====== GIVEN RECORDS ======
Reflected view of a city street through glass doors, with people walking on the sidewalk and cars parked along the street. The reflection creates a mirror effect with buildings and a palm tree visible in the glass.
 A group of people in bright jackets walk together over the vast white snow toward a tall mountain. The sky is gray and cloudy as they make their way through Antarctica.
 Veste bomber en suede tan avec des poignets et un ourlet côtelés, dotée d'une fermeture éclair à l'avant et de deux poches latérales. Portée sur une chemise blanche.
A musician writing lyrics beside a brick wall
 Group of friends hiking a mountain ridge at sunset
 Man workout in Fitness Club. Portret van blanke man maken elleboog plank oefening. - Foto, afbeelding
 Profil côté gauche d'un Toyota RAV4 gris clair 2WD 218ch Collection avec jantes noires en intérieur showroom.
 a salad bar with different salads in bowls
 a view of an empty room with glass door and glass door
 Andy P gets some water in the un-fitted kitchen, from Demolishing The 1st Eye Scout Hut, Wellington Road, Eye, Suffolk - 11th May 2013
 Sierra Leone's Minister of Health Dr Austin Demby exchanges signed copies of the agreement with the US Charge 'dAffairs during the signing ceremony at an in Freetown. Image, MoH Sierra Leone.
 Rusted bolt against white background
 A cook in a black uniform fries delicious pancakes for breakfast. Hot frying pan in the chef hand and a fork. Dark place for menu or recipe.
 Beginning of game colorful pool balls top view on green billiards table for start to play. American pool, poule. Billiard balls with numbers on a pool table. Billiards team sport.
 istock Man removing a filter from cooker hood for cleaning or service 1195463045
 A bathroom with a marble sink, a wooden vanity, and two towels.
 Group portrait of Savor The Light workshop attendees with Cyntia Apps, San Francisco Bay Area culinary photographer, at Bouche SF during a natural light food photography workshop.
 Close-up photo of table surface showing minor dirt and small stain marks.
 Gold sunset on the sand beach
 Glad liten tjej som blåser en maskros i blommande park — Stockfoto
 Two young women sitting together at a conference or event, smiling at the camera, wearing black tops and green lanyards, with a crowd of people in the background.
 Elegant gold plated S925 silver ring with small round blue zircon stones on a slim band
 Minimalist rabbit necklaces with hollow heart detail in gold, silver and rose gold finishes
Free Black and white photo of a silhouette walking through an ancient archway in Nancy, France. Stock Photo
======
*EXERCISE DETAILS:* Using the entries above, output exactly the lines between the line holding "Gold sunset on the sand beach" and the line holding "Elegant gold plated", end lines included, and nothing more.

*RESULT:*
 Gold sunset on the sand beach
 Glad liten tjej som blåser en maskros i blommande park — Stockfoto
 Two young women sitting together at a conference or event, smiling at the camera, wearing black tops and green lanyards, with a crowd of people in the background.
 Elegant gold plated S925 silver ring with small round blue zircon stones on a slim band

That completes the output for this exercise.